The following season was tough and eventful for Aldridge. Rush failed to settle in Italy and Liverpool paid £2.8 million to bring him back to Anfield just before the season kicked off. Kenny Dalglish played Aldridge and Rush together. It was Aldridge who enjoyed the better form during the season, with Rush being hindered by injuries. In the Charity Shield match against Wimbledon at Wembley, Aldridge started the match and scoring both Liverpool goals in a 2–1 win. Aldridge maintained his scoring streak, often playing alongside both Rush and Beardsley in attack, while Rush missed a number of games or started games on the bench due to injuries. In the first league game of the season a week later, Aldridge scored a hat-trick in a 3–0 win at Charlton Athletic. He scored another league hat-trick on 14 March, in the 5–0 home win over Luton Town, which took his league tally for the season to fifteen goals. He reached the twenty-goal mark on 13 May in a 2–1 win at Wimbledon, and finished the season as the club's top scorer with 22 goals in the league, eight in the FA Cup, two in the League Cup, and two in the Charity Shield, amounting to 34 in all competitions.

In the 1989 FA Cup final at Wembley, against Merseyside rivals Everton, Aldridge made up for his penalty failure a year earlier by scoring after four minutes with his first touch of the ball. Substitute Ian Rish, who replaced Aldridge, scored twice in extra time to earn Liverpool a 3–2 victory. Aldridge scored 21 league goals that season, and 31 in all competitions, putting him among the highest scorers in the first division that season. The League and FA Cup "double", achieved by Liverpool in 1986 but denied to them by Wimbledon in 1988, was again possible, with a decider against Arsenal to come at Anfield. Aldridge played in a game which would guarantee Liverpool the title as long as Arsenal failed to win by two clear goals. 1–0 down in injury time, Liverpool conceded another goal to Michael Thomas with virtually the last kick of the season, thus losing the League title.

Aldridge played 104 times for Liverpool, scoring 63 goals, 50 of them in the league.

Real Sociedad
The following 1989–90 season, Kenny Dalglish reverted to a 4–4–2 formation with Rush and Beardsley as first-choice strikers; however, the club accepted an offer of £1 million from La Liga side Real Sociedad in early September 1989, with Aldridge having played twice in the league for Liverpool that season.
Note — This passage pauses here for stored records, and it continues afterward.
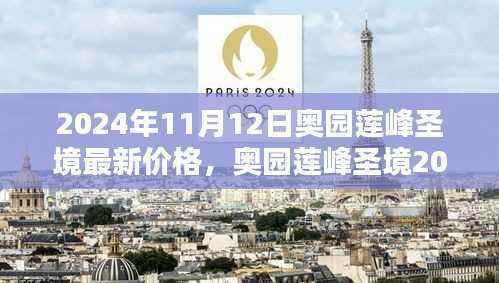 奥园莲峰圣境2024年全新科技住宅,智能生活新纪元触手可及
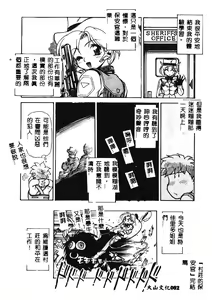 Page 84 of MERCY'S FILE - preview thumbnail
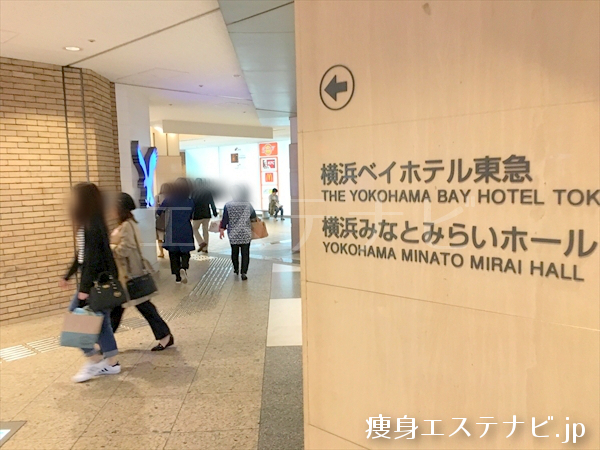 柱の案内に従って『横浜ベイホテル東急』に進みます
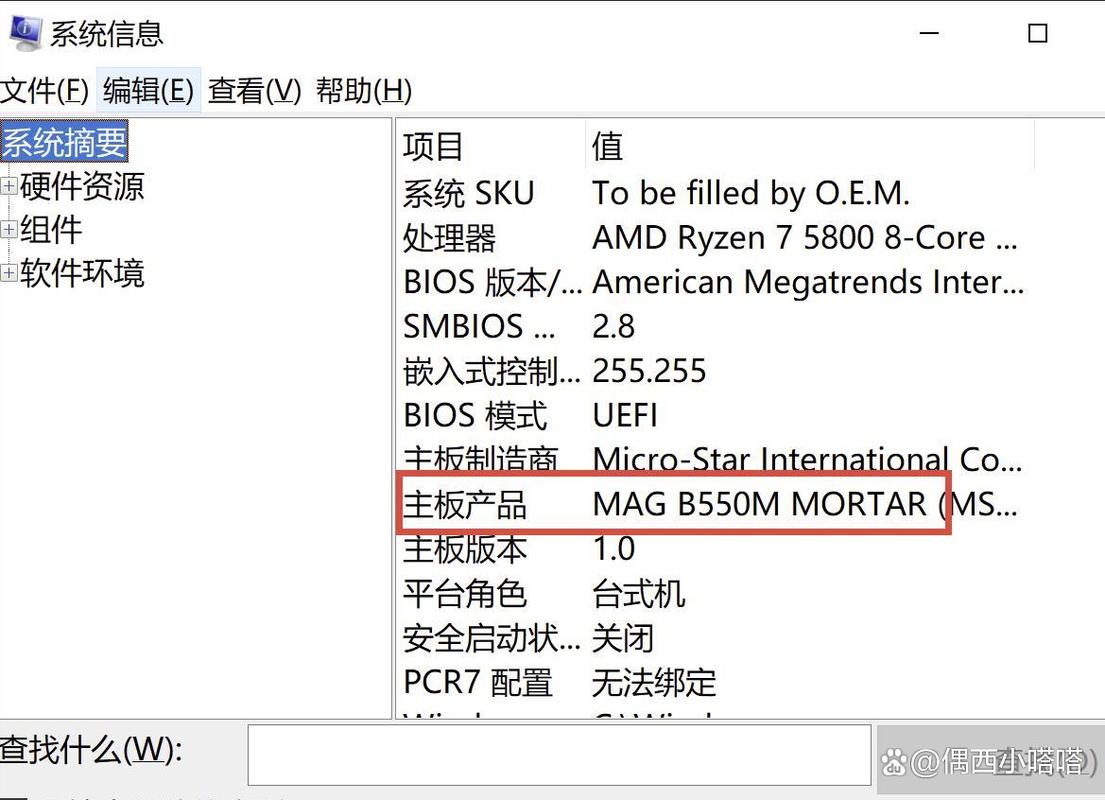 如何查看自己的电脑型号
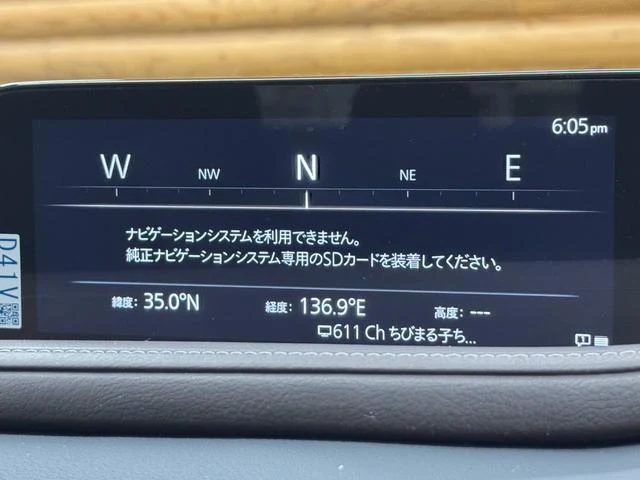 Mazda CX-30 20S 68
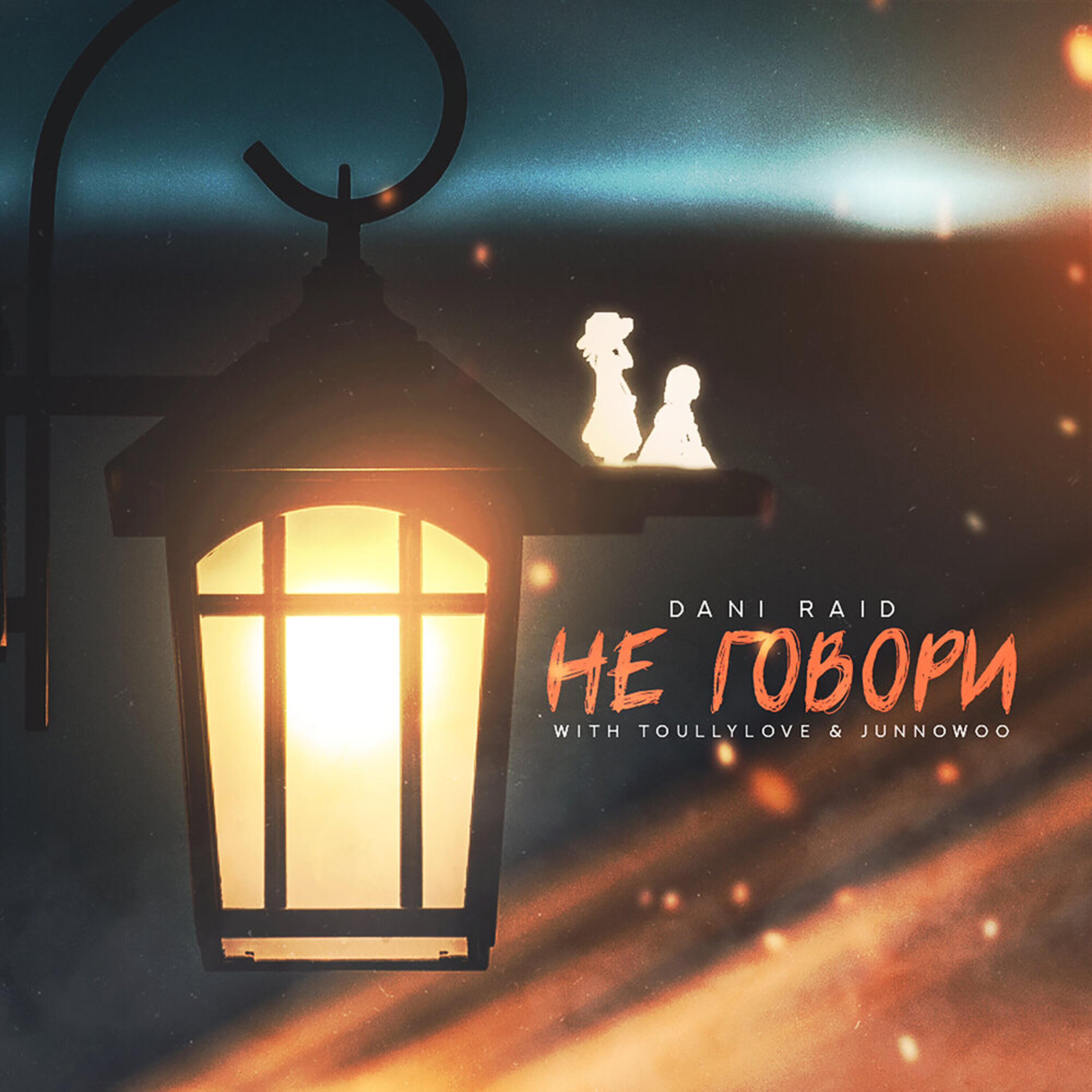 Альбом Не говори исполнителя Dani Raid, JunnoWoo, ToullyLove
This transfer made Aldridge the first non-Basque player to sign for Sociedad in several decades as they abandoned a selective recruitment policy. Before he left Liverpool, he was given a special run-out as a substitute during the club's record-shattering 9–0 win over Crystal Palace in order to score a penalty in front of the Kop. He threw his shirt and boots into the crowd at the end and signed for Real Sociedad the next day on 13 September 1989.

Aldridge scored 40 goals in 75 appearances for Sociedad over two seasons, with the club encouraged to make more signings from English football in 1990, namely Dalian Atkinson and Kevin Richardson. Despite his success, some Sociedad fans initially did not accept him because he was a foreigner. Insulting graffiti was written on the stadium, a fan spat on the ground when Aldridge passed in the street, and his family found it hard to adapt to the different lifestyle in the Basque country. Aldridge handed in a transfer request in 1991 to the newly appointed manager John Toshack – another former Liverpool striker.

Tranmere Rovers
Aldridge returned to Merseyside on 11 July 1991 with Tranmere Rovers, in a £250,000 deal. While there he scored a club-record 40 goals in his first season at Prenton Park – scoring his 40th goal against former club Oxford United. Tranmere, who were playing in the Second Division for the first time in more than fifty years, achieved a mid-table finish in the league.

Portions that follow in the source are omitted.